> [What to do]:
Each line below from the one containing "Jonge moeder met" through the one containing "Mountain lake reflecting sunset sky and trees" is to be given again exactly, and no line outside that span.

> [Information provided]:
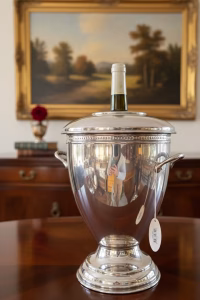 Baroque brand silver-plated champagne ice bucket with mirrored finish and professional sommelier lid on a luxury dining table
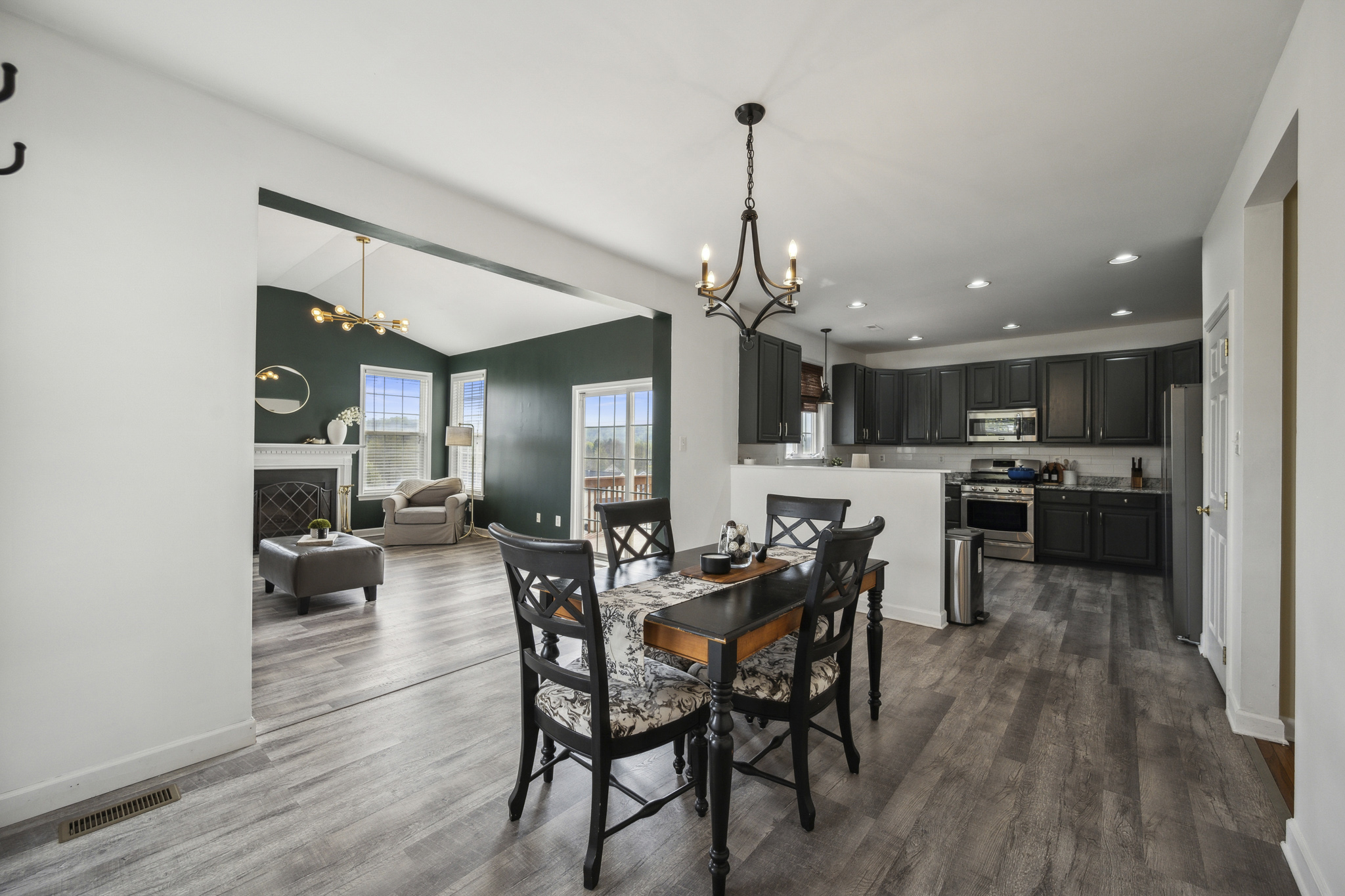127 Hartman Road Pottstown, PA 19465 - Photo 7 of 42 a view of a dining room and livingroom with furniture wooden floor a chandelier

==

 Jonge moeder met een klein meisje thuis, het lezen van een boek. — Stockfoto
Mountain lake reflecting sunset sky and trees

> [Task output]:
 Jonge moeder met een klein meisje thuis, het lezen van een boek. — Stockfoto
Mountain lake reflecting sunset sky and trees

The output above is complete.